What the task asks:
Which lines below hold the word "during"? Copy all of them.
━━ Record extracts ━━
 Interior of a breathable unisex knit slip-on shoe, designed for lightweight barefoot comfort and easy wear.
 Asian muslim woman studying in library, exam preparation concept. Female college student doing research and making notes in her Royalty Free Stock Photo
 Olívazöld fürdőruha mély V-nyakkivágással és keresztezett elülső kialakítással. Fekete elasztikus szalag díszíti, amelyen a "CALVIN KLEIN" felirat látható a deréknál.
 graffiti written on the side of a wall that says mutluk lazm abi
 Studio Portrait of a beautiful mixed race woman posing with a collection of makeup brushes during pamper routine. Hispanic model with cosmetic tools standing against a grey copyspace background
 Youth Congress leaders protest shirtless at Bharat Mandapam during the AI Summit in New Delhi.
━━━
━━ Record extracts ━━
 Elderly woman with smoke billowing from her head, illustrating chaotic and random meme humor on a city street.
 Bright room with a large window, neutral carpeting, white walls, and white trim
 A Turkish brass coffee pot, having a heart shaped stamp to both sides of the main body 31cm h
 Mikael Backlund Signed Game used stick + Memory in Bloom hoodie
━━━
━━ Record extracts ━━
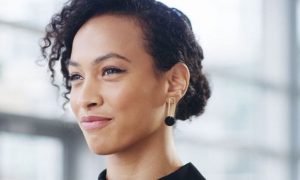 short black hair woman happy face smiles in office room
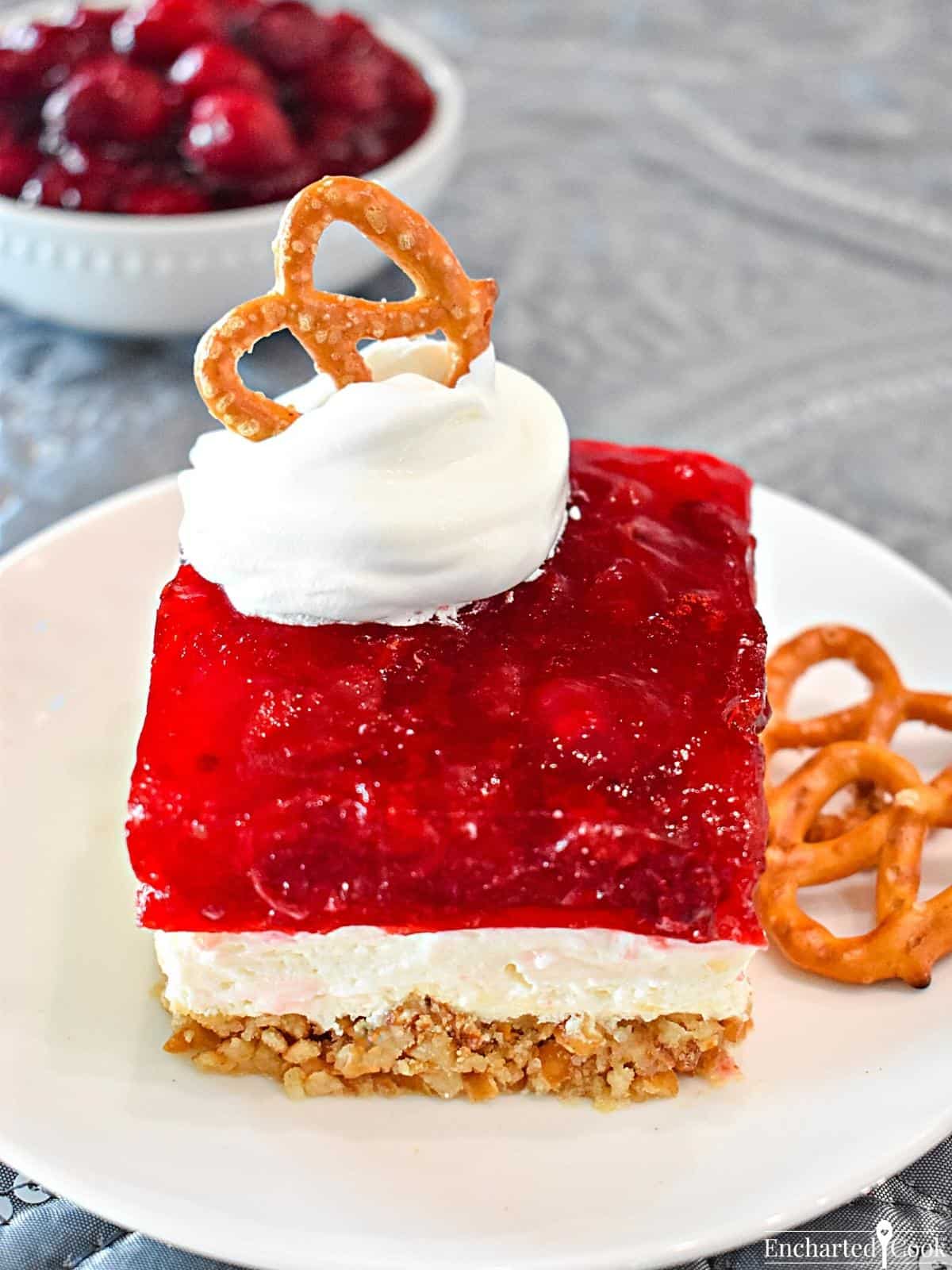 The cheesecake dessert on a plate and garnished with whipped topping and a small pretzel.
━━━
Answer to this problem:
 Studio Portrait of a beautiful mixed race woman posing with a collection of makeup brushes during pamper routine. Hispanic model with cosmetic tools standing against a grey copyspace background
 Youth Congress leaders protest shirtless at Bharat Mandapam during the AI Summit in New Delhi.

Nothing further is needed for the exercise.